Nmap scan report for 192.168.0.186
Host is up (0.00037s latency).
MAC Address: 10:*:*:*:*:* (STMicrolectronics International NV)
Nmap scan report for 192.168.0.192
...
Nmap done: 256 IP addresses (5 hosts up) scanned in 2.57 seconds

Or let’s look at the ARP table.

ip neigh
192.168.0.186 dev wlp3s0 lladdr 10:*:*:*:*:* STALE

And if that’s still not enough 😃, we can sniff traffic with tcpdump and analyze ARPs.

sudo tcpdump -n -e arp
tcpdump: verbose output suppressed, use -v[v]... for full protocol decode
listening on enp0s25, link-type EN10MB (Ethernet), snapshot length 262144 bytes
20:59:05.131862 *:*:*:*:*:* > *:*:*:*:*:*, ethertype ARP (0x0806), length 42: Request who-has 192.168.0.1 tell 192.168.0.4, length 28

Sometimes you need to force network traffic when you have a silent device - a broadcast ping -c 1 -b 192.168.0.255 can help here. Once you have the device’s address, you can connect via ssh as shown above.

Can’t Connect :(

It’s worth paying attention to the LED lights - they contain information about the boot state.

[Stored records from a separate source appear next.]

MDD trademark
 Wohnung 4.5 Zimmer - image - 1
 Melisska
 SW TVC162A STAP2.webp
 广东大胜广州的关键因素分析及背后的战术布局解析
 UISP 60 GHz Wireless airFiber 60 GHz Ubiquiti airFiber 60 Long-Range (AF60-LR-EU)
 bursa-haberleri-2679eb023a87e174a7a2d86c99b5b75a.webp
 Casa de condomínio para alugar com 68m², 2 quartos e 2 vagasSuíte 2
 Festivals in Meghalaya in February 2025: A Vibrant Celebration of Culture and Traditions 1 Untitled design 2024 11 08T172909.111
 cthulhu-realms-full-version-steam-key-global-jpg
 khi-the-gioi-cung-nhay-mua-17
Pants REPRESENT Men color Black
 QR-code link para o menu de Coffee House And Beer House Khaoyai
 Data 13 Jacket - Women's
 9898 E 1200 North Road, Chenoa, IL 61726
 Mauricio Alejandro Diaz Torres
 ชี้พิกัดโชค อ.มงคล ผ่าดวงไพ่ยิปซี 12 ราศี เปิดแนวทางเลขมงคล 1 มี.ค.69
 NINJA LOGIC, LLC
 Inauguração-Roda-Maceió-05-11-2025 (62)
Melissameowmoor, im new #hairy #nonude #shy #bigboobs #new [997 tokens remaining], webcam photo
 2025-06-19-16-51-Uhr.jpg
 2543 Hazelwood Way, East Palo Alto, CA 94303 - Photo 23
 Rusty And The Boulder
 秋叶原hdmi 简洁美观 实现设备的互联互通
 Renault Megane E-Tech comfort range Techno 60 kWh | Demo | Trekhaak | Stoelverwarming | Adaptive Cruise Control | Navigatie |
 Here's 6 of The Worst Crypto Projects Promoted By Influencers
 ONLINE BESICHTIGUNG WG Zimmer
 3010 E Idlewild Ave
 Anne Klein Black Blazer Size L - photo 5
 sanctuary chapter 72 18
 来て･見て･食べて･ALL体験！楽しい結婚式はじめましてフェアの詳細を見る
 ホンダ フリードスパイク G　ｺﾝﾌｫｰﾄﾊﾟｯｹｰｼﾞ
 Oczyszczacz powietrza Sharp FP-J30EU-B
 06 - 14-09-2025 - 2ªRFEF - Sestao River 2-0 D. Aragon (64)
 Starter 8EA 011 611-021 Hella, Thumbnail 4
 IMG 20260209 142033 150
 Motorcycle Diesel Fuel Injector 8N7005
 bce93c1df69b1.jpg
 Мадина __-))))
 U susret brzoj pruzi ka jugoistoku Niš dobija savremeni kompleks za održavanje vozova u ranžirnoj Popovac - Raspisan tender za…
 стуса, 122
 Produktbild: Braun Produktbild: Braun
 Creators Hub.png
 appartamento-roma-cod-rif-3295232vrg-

Blue blinks when Linux is active on the Cortex-A core
Orange blinks when the microcontroller is running (if it has sample software loaded) If you can’t connect, it’s worth resetting the device using button (1). The bootloader might have gotten stuck waiting for system selection:

Terminal ready
1: OpenSTLinux
Enter choice:

Summary

We’ve learned about the STM32MP2 platform and its key features. Then we booted up the device and tested various ways to connect to it. In future posts, we can look more closely at development, AI examples, or communication between A35 and M33. Thanks for reading!